The drug research firm also estimates that $25.4 billion in U.S. drug sales are at risk of generic competition this year as patents expire on iconic drug brands like Pfizer Inc’s (PFE.N) Lipitor or Bristol and Sanofi’s (SASY.PA) Plavix.
At the same time, large drug makers are cutting research and development, giving them a greater appetite for buying products with significant sales potential.
In addition to cancer, Alzheimer’s, rheumatoid arthritis and other “old age ailments” are cornerstone areas that all big pharma need to have more exposure to, bankers said.
Targets range from Biogen Idec (BIIB.O), with a price-to-earnings ratio near 25, to smaller companies like InterMune ITMN.O, which trades at around 17 times trailing 12-month earnings.
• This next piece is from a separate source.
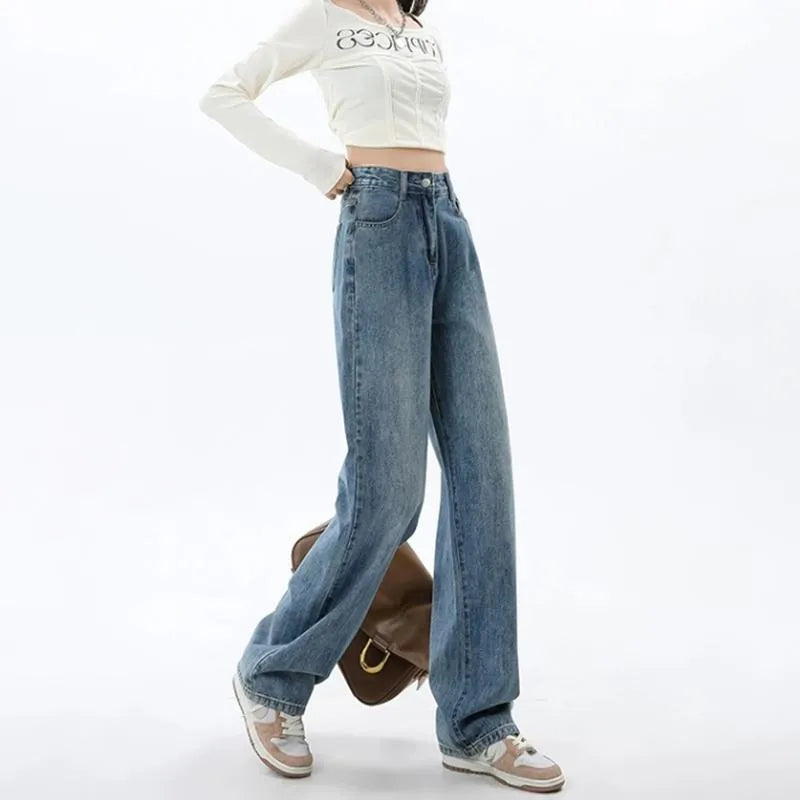 Women's retro blue high-waist wide leg jeans laid flat, showing the straight-leg trousers cut.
Shares in the S&P 500 trade, on average, at around 16 times earnings.
Conover said Biogen is an attractive buyout candidate given its relatively robust drug development pipeline combined with the profit-boost of existing products like multiple sclerosis drugs Avonex and Tysabri.
“There is at least a 30 percent chance of Biogen being taken out in the next three years,” RBC Capital Markets analyst Michael Yee said, citing the company’s diversified product lines and capacity for manufacturing biotech drugs.
Full data from a key trial of the company’s experimental MS drug, BG-12, will be presented this fall. Positive initial results, announced in April, sent Biogen shares up as much as 24 percent to an all-time high.
Two other biotechs with recently launched drugs — Human Genome Sciences HGSI.O with lupus treatment Benlysta and Vertex Pharmaceuticals (VRTX.O) with hepatitis drug Incivek — have new drugs that will define their value.
“They have to prove that they can deliver on the blockbuster potential of these franchises,” said RBC’s Yee.
He named Pharmasset VRUS.O as another potential buyout target involved in development of hepatitis drugs.
Ghodsian cited InterMune, which saw its pulmonary fibrosis drug Esbriet approved by European regulators in March, as a strong takeover candidate, even though the company said in April that it was not considering a sale.
“The feedback from physicians is that it (Esbriet) will be used extensively in Europe,” she said. “The valuation is relatively low.” InterMune is conducting a separate pivotal trial of the drug for review by U.S. regulators.